A chat bar is stateless by default. Each conversation starts fresh unless the product explicitly maintains memory. That works for queries — "show me last week's conversion rate" — but it fails for recurring work. Recurring work requires the system to know what happened last time, what changed since, and what that change means for what should happen next.

Temporal awareness is the hard part. A chat bar responds when prompted. An autonomous agent has to decide, unprompted, that something is worth doing. That requires a model of time — schedules, cadences, freshness thresholds — that's fundamentally different from request-response architecture.

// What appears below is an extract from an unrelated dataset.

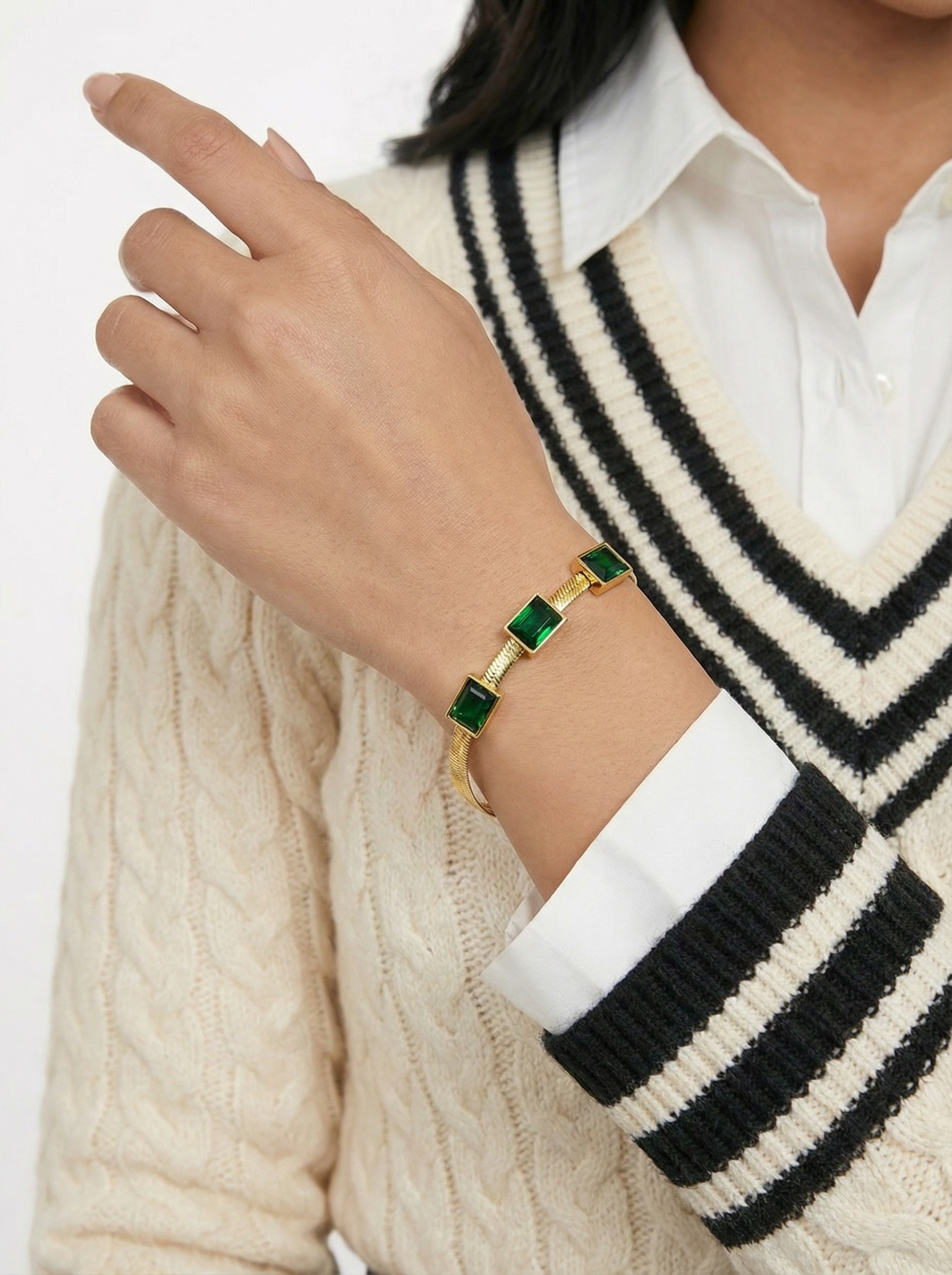 انسيال التلاثي بحجر الراين الاخضر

And judgment about when to act is what separates an autonomous agent from a cron job. The agent needs to assess whether there's enough new information to justify a run, whether the output would be meaningfully different from last time, and whether the user actually needs it right now.

What does this mean for the products people use at work?

The chat-bar wave is real and it's a genuine improvement over dashboards. But it's a waypoint, not a destination. The companies building chat interfaces today will face a choice within two years: evolve toward autonomous operation, or watch a new generation of products skip the chat phase entirely.

YARNNN is built for stage four. Persistent agents with accumulated context that run on schedule, assess whether action is needed, generate outputs that improve over time, and deliver results without being asked. No dashboard. No chat bar. The work just gets done.

The SaaS homepage is dying. But the replacement isn't a better input mechanism — it's no input at all.